На всякий случай решил объяснить ситуацию:
– Приехал из Питера на практику, в рейс. А бумаги в управлении застряли. Только завтра оформят.
– А что за рейс? – спросил Анатолий Степанович, он был самый старший в этой компании, лет под шестьдесят, седой, но еще крепкий.
– СРТМ «Эклиптика». Знаете?
– Нет, – покачал головой Анатолий Степанович. – Но теперь будем знать, – сказал он и вручил мне в одну руку вилку, в другую стакан с водкой.
– За знакомство!
Чокнулись, выпили и принялись за картошку. Анатолий Степанович сидел напротив, я поймал на себе его взгляд.
– «Эклиптика», – произнес Анатолий Степанович, будто про себя. – Хорошее название. Ты ешь, парень, не отвлекайся. Рустик, – он повернулся к Рустаму, – пока тебя не было, Григорий начал рассказывать, как домой съездил.
– Мм! – протянул Рустам. – Давай, Грицько, выкладывай!
Григорий сидел спиной к окну, подперев голову рукой, и курил. До меня дошло, что картошку уплетал практически я один, в одиночку мгновенно прикончил полсковородки. Остальные съели совсем чуть-чуть. «Неудобно получилось», – подумал я, отложил вилку и начал слушать Григория.
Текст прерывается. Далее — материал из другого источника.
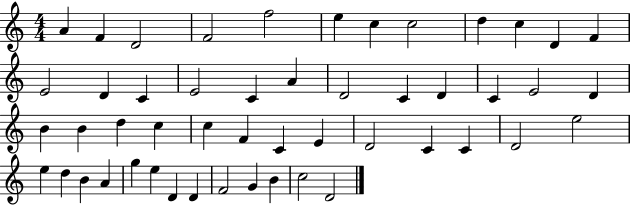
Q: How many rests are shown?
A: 0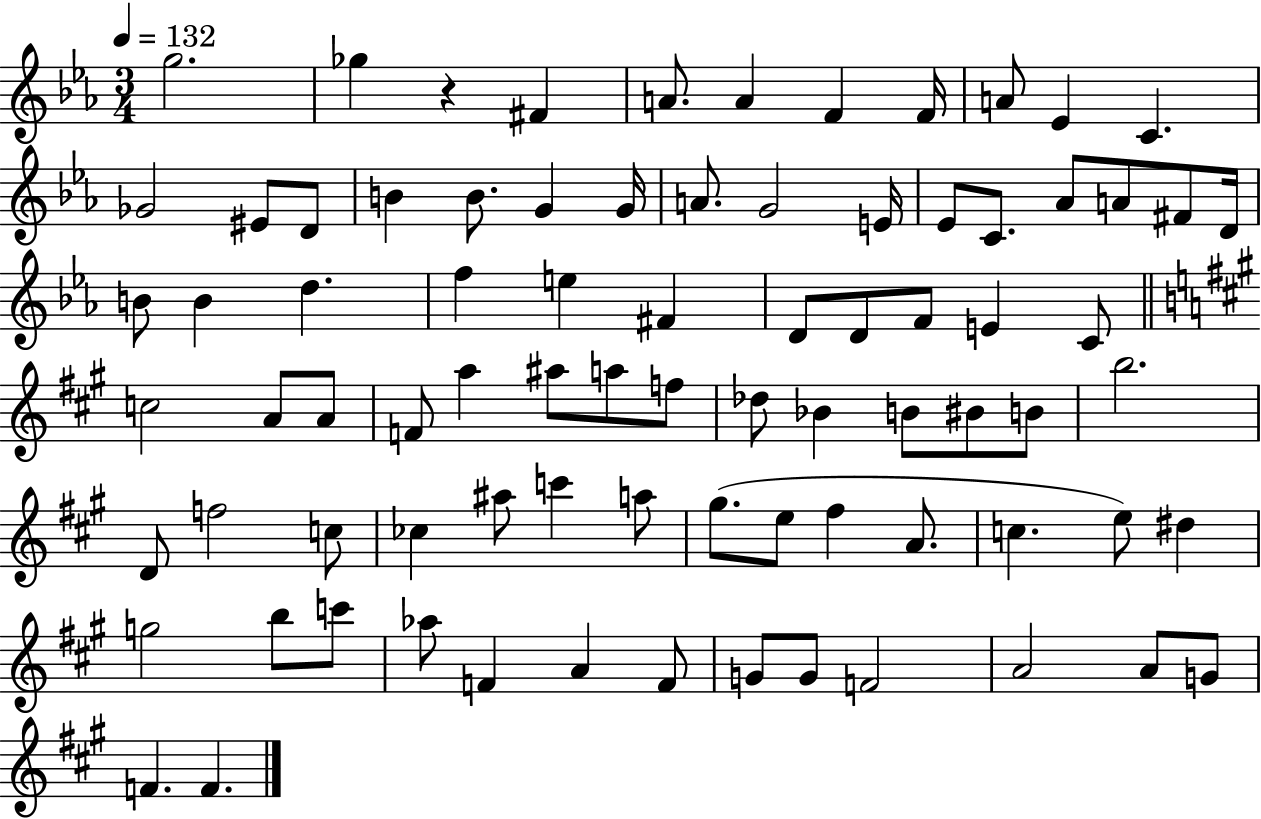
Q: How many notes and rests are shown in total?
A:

– Та шо рассказывать, – меланхолично вздохнул он. Судя по говору, он был с Украины или с юга России, из мест, где с такого вздоха принято начинать любую историю – и грустную и веселую. – Приехал домой. Там все нормально. Дочка в седьмой класс пошла, учится хорошо. Хлопцы к ней уже ходить начали. В дверь такой звонит: «Настю можно?». Шея цыплячья, уши торчат – Настю ему давай. – Григорий шумно почесал щетину. – Жена на заводе в смену – сутки через трое. У тещи давление. В общем, говорю же, нормально. Только маета какая-то, – он снова вздохнул. – Раньше как было – три недели между рейсами, как один день, даже подумать не успеешь. Налил-выпил, в море. Тут даже выпить по-человечески не мог. Не принимает душа, хоть ты что. Маета. Жена какая-то задумчивая стала, сидит, смотрит в одну точку и молчит. Я подойду, сяду рядом. Сидим так и молчим.
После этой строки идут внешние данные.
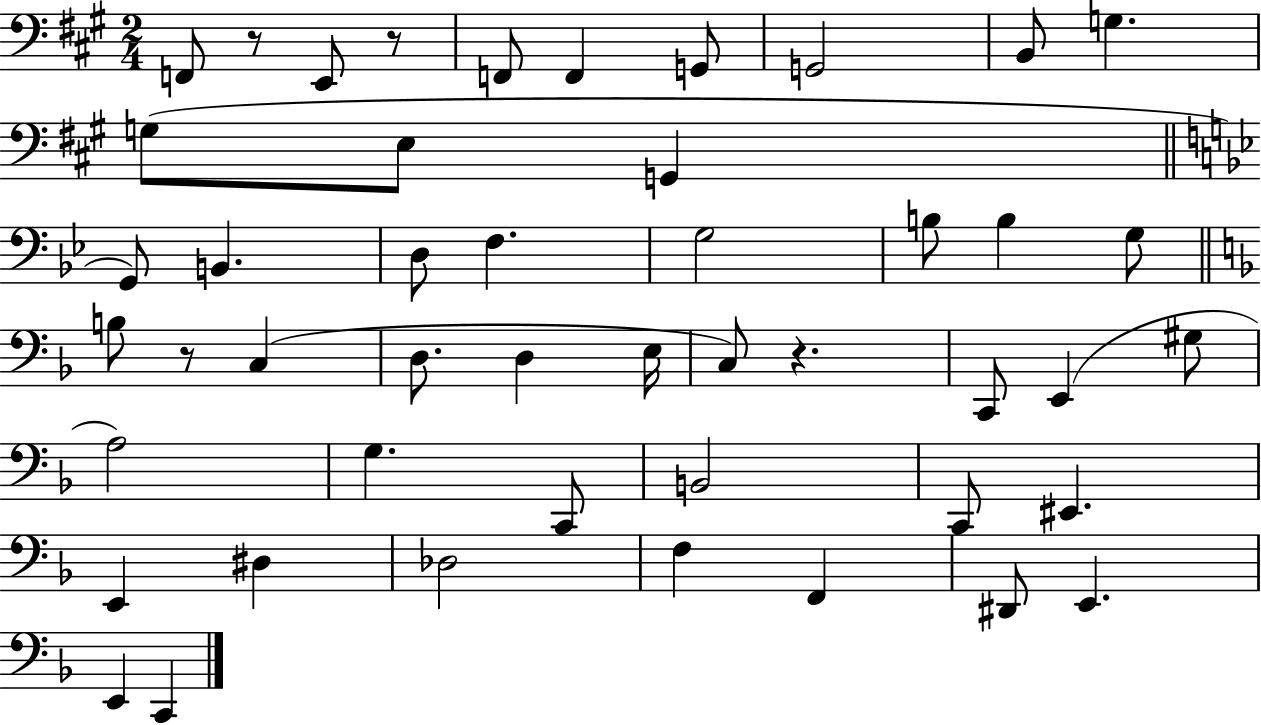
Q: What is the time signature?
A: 2/4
– А моя вот не усидела! – воскликнул Валера, длинный парень в очках. – В прошлом году замуж выскочила за товароведа. Маленький такой, плюгавый, слюной брызжет. Смотреть противно. Зато, говорит, всегда под боком. Хватит, говорит, с меня мореманов.
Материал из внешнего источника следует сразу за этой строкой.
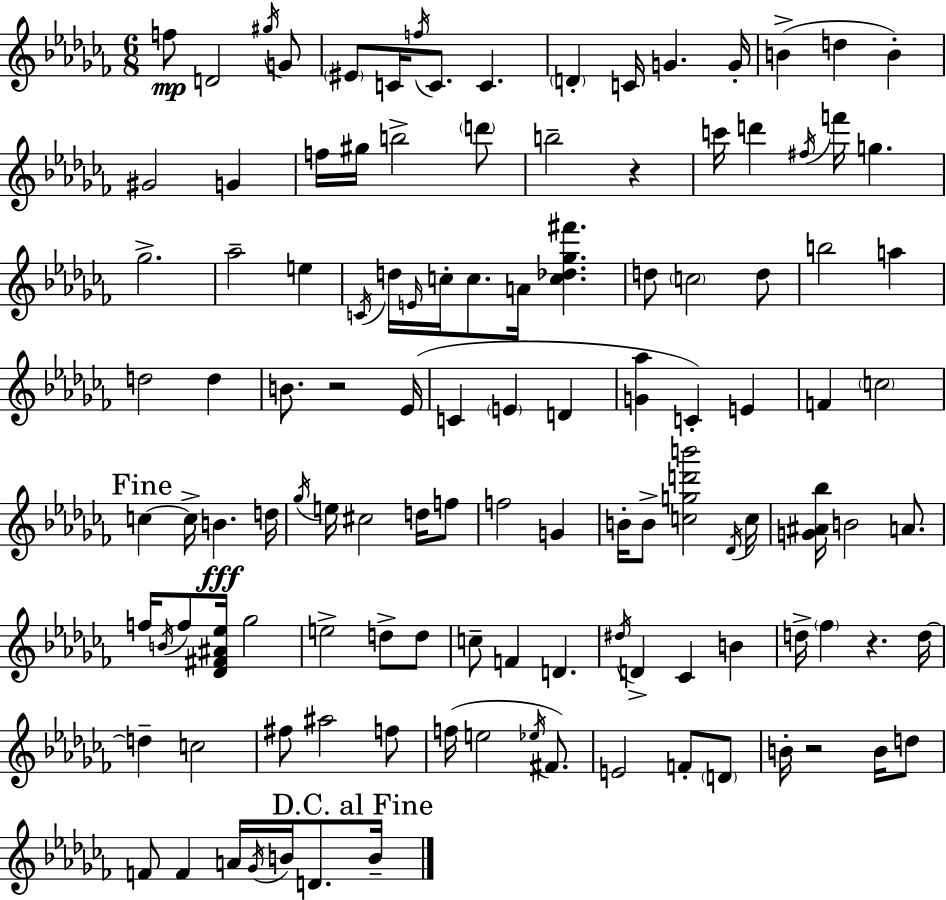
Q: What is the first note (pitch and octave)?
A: F5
– Дура! – отозвался Рустам. – Товароведа посадить могут. Будет ей под боком – в Магадане или Воркуте. Замучается передачи слать.
– Видать, для них лучше уж в Магадане!
– Тема пошла заупокойная! – недовольно сказал Анатолий Степанович. – Давайте-ка выпьем и о чем-нибудь другом поговорим!
Все послушно выпили.
– Сегодня продавщицу видел в магазине, – Сергей занюхал водку куском хлеба. – Тут рядом совсем, в продуктовом. Глазищи – во! – он растопырил две пятерни. – Огромные, голубые, хоть с головой ныряй! Я подумал, вот на такой жениться надо было. Увидел – и женись сразу, не раздумывая. Пусть она потом дурой окажется, или стервой – плевать! – Валера скептически фыркнул, собирался что-то сказать, но Сергей поднял палец. – Обосную. Даже если она дура или стерва – это можно поправить, а если нельзя, все равно: такие глазищи у тебя в роду останутся. Дети, внуки и правнуки тебе, кобелю, за них спасибо скажут. У всех девчонок с такими глазами от женихов отбоя не будет, выбирай любого! А то, что прабабка дурой была – кому какое дело. Мало ли дур! Я вон и сам дурак. Восемьдесят кило змеиного яда – это моя Танюха. Много пользы от этого внукам и правнукам? Зато умная, дальше некуда.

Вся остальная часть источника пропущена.